A Hong Kong house that is a slice of Australia
A lot of thought and careful planning went into transforming a bare 2,100-sq-ft shell of a house in Sai Kung into one that was bright, airy and reminded its residents of home
It took Andrew and Susan Sams seven years of searching to find their Sai Kung house, and just minutes to decide to buy it.
“My son, Reilly, walked in and said, ‘It looks like Australia,’” says Susan Sams. “It’s the view of the sea through the eucalyptus trees. We call it our little slice of Sydney in Hong Kong.”
When they found it 10 years ago, the 2,100-sq-ft house was a shell. The previous owner had stopped midway through a renovation. None of the walls had plaster, the floor had been ripped up and, in the living space, the external wall to the garden was missing entirely. And that was what sold them on it.
“It was a blank canvas. All that was here were some mood boards – all yin-yang and marble – and the pool, which was under tarpaulin. The contractors refused to show it to us, so we weren’t entirely sure what was under there,” Sams recalls. “But we liked the view through the open wall – the trees were smaller then – so we decided to make that wall purely glass.”
WATCH: Inside Andrew and Susan Sams’ Sai Kung house
Getting the huge panes into place was not easy. With no rear access, a crane had to be brought in to lift the glass panels over the roof of the three-storey terraced house and lower them gently into the garden. It was a heart-stopping process, but the result is a light-filled, double-height space that really does feel antipodean. With the television banished to another room, the split-level living space is an oasis of relaxed, sunlit calm.
Working with a contractor and piles of interiors magazines, Sams designed the house herself. She kept the overall look minimalist, choosing natural materials – walnut and slate floors, wood-veneer kitchen cabinets – neutral colours and white walls. And to maximise the sea views, she put in glass walls not only on the ground floor but on the upper levels as well.
There were a few hiccups. Installing the glamorous resin bath imported from Bali, Indonesia, for the master en-suite proved difficult.
“It was a case of ‘let’s build around it’,” says Sams. “It was so big and heavy the contractors had to bring it in through Reilly’s bedroom window and build a sort of Flintstones trolley inside the house to move it. It’s not going anywhere.”
The Samses are, however. With both children now at university in Britain, they have decided to up sticks for Pok Fu Lam, closer to Susan’s job at Lane Crawford, in Wong Chuk Hang. When we visit, the packing has begun, although some favourite pieces are to remain for tenants moving into the four-bedroom house.

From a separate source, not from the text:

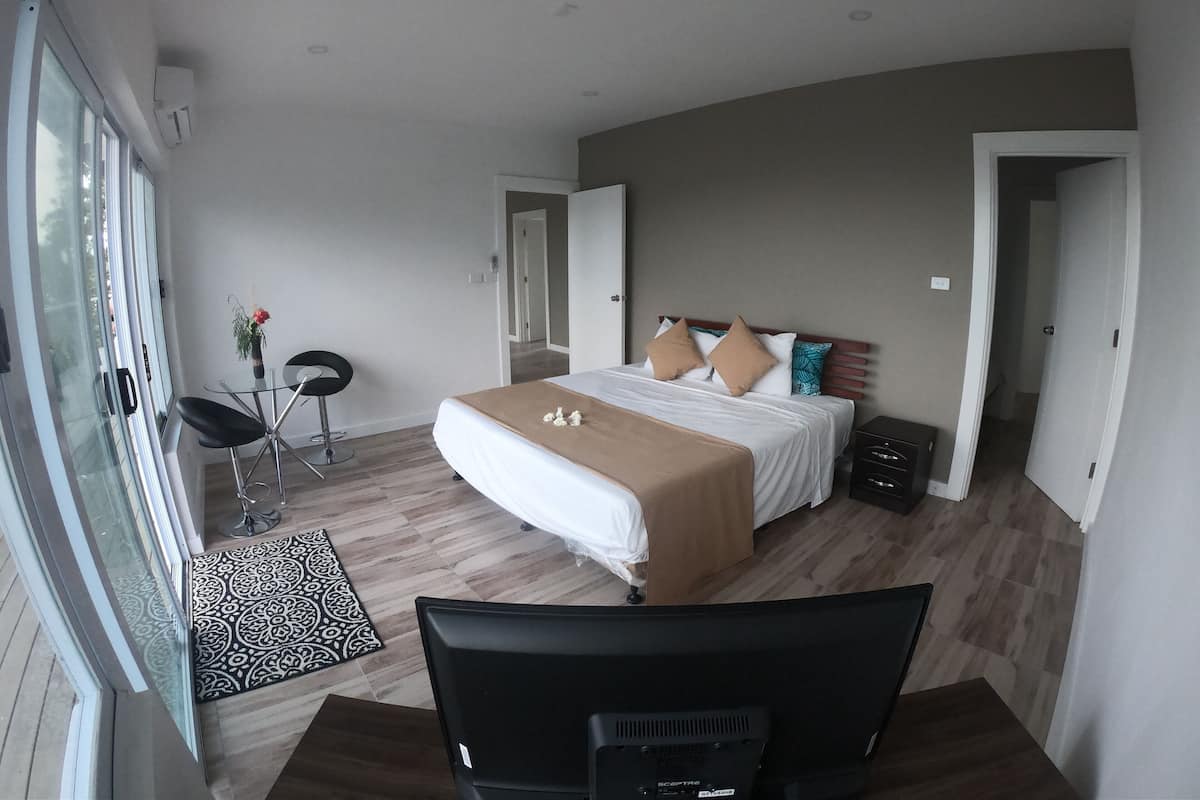 A modern bedroom with a large bed, a desk, and a chair. There is a window and a door visible.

“The dining table is antique, but it’s so huge it won’t fit anywhere else. The [overhead] lamp is staying, too – it needs the double-height ceiling,” she says, with some regret.

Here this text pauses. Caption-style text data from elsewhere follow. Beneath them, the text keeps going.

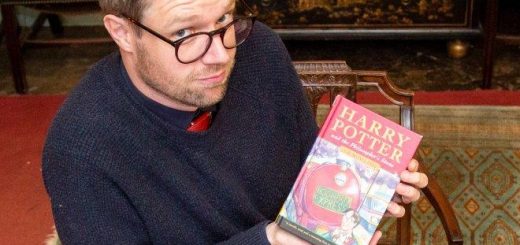 Jim Spencer holding a rare "Potter" book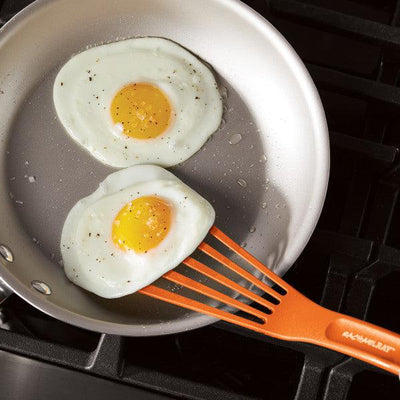 Two sunny-side-up eggs in a frying pan with an orange spatula.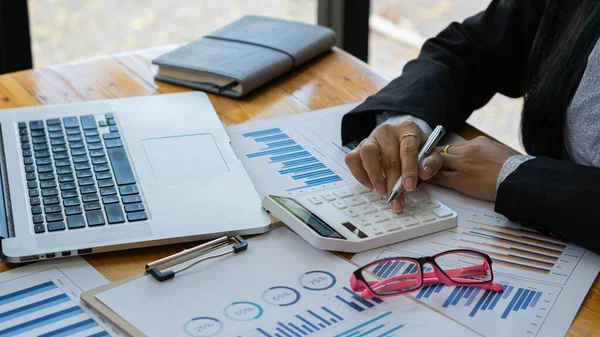 Hesaplamalarla notlar yazmak için bir hesap makinesi kullanan yakın plan iş adamları, mali muhasebe kavramları üzerinde grafik analizi.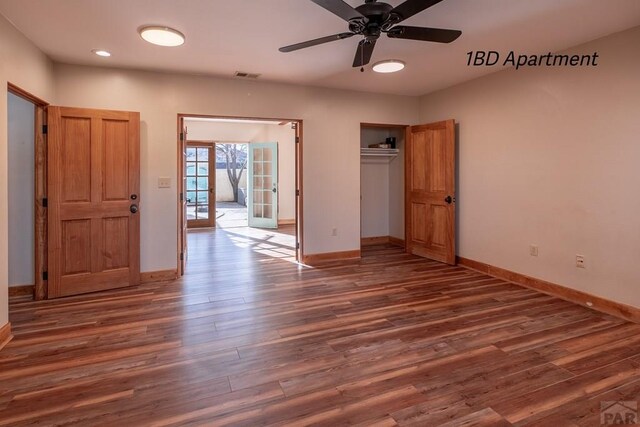 interior space featuring dark wood-type flooring, french doors, visible vents, and baseboards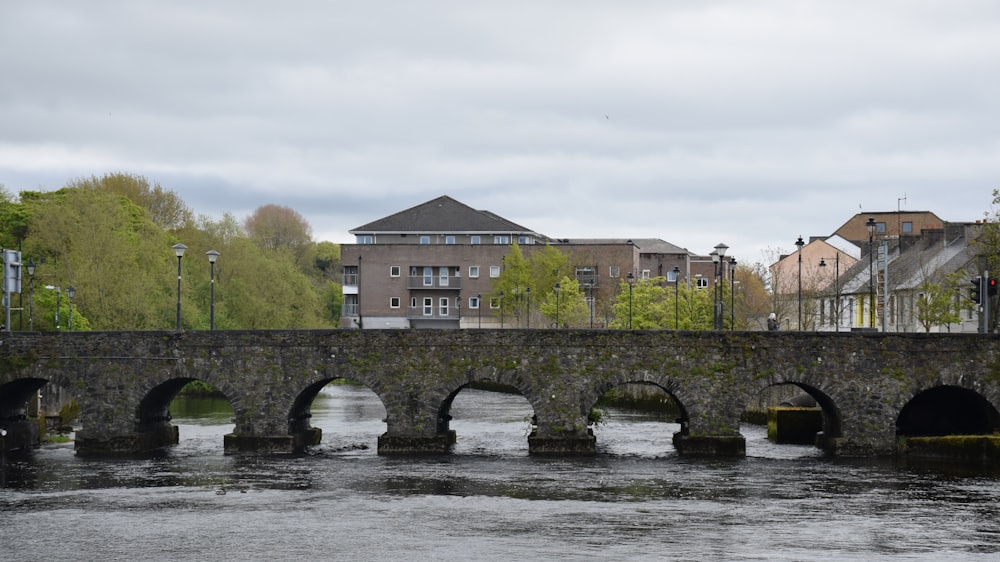 brown concrete building near bridge during daytime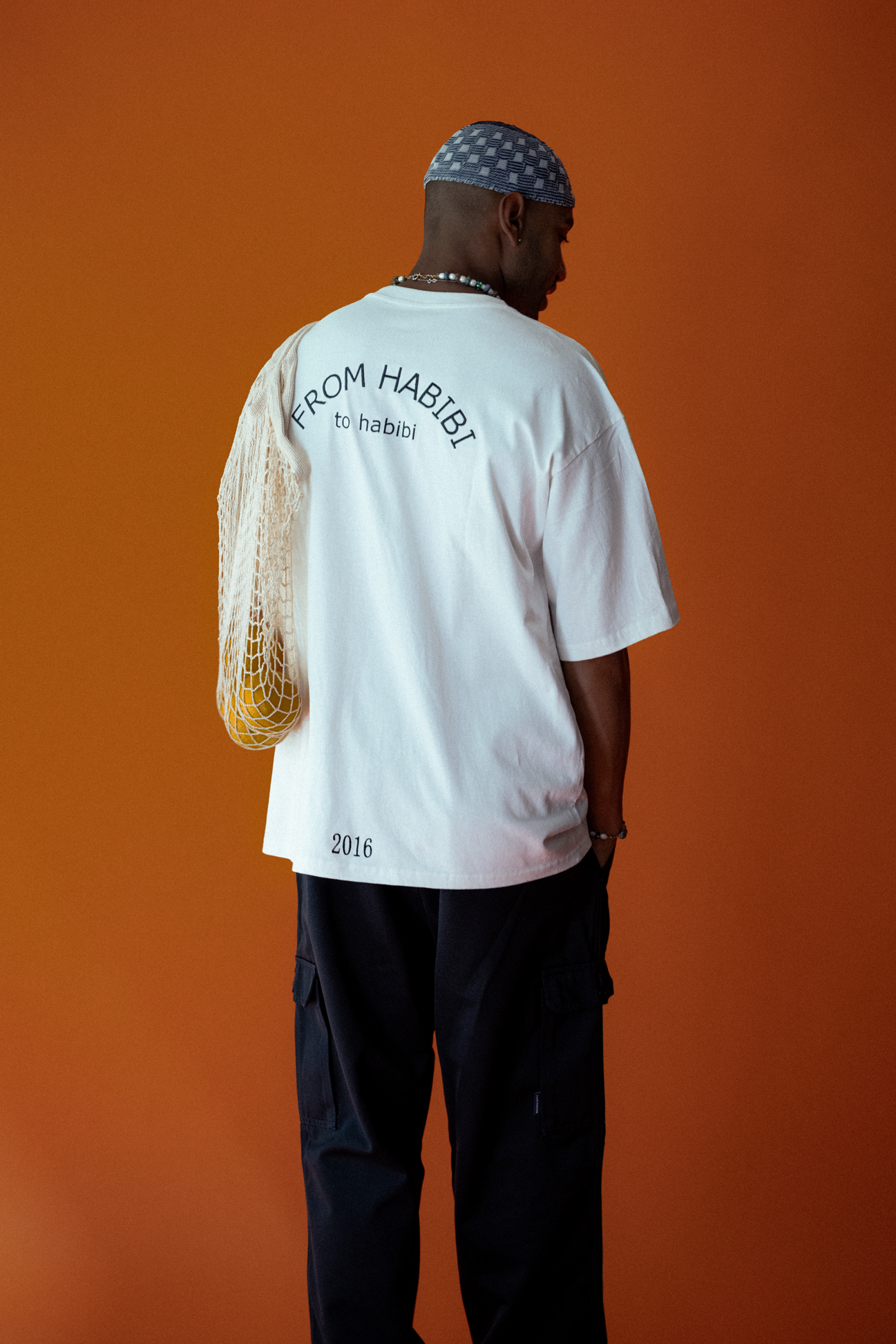 Ein junger Mann trägt ein weißes T-Shirt mit der Aufschrift 'FROM HABIBI to habibi' und die Jahreszahl 2016, dazu schwarze Hosen, mit einem blauen Musterndas Kopftuch und hält eine Netztasche. Der Hintergrund ist orange.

After a decade of looking for the perfect lamp to hang over the dining table, Susan finally found it in an interiors magazine last year. It’s an elegant, wide-brimmed concoction of polyurethane ribbon and ultra-light fibreglass with contours reminiscent of the black-and-white chapeau worn by Audrey Hepburn in My Fair Lady (1964).

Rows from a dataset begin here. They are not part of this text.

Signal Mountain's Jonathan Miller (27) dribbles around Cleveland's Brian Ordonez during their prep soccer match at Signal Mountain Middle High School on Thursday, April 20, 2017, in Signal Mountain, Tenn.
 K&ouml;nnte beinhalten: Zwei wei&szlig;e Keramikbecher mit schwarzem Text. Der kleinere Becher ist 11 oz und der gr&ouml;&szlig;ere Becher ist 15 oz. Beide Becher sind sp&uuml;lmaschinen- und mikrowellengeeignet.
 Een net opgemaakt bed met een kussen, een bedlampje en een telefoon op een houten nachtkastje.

“The lamp was made by a French company, which wanted me to go to their store in London, then in Beijing,” says Sams. “I finally persuaded them to take my credit-card details after eight weeks of trying to buy it.”
Also too big to move is a giant multimedia triptych artwork by their daughter, Siena.
“It was the piece that got her into Central Saint Martins [the London art school]. We have a lot of her art on display; we’re proud parents!”
Among the pieces that will be going to their new nest is a beloved collection of mid-century modern furniture, much of it from Lane Crawford Home.
“I get a staff discount, although my husband won’t let me do much with it,” says Sams.
Pieces scattered through the house bear familiar names, including Fritz Hansen chairs and side table “genuine, not fakes”, a vintage Le Corbusier chaise longue and a Herman Miller desk.
Other pieces have been picked up overseas, including rugs from Istanbul, Turkey, tagines from Fez, Morocco, art from Bali and ceramics from Australia.
“We like to shop when we travel,” says Sams. “The house has evolved over the years but I like it fairly minimalist, with just a few breakout displays, like the shelves in the dining room. We’re moving to an older property so we won’t go for the same look … we’ll go mid-century cool.”
With that, she gets back to the packing.
TRIED & TESTED
The long view Throughout the house, the overriding design principle was to maximise the views of the sea at the front and the mountains at the back. On the landing, this frameless glass panel gives a helicopter view of the living room and garden and beyond. “[It’s] like a bird’s nest, allowing you to see through to the garden from the kitchen at the back of the house. It’s the perfect place for a desk, but ended up being the preferred play area for the kids and dog,” says Susan Sams.